=== Supplied material ===

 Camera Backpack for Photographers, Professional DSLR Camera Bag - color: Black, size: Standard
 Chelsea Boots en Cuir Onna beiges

* * *

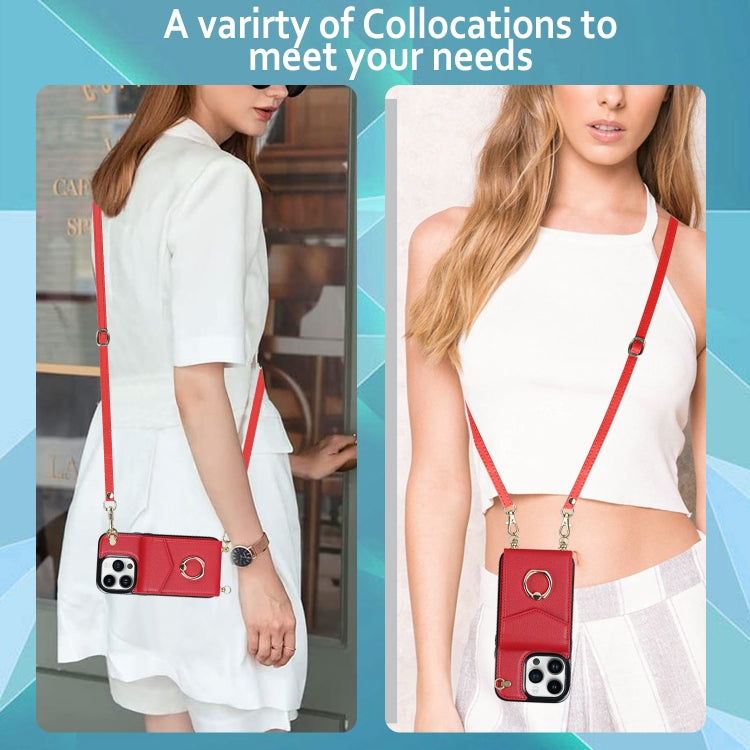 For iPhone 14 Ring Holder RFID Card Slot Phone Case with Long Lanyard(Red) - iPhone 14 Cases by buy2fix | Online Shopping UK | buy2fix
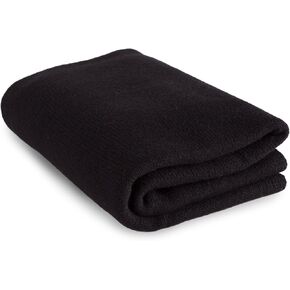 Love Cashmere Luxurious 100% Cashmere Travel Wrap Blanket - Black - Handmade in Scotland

=== What needs to be done ===
Keeping every character as it is, restate the lines above that run from the line with "Camera Backpack for" through the line with "Chelsea Boots en Cuir Onna beiges", both included, and nothing else.

=== Exercise result ===
 Camera Backpack for Photographers, Professional DSLR Camera Bag - color: Black, size: Standard
 Chelsea Boots en Cuir Onna beiges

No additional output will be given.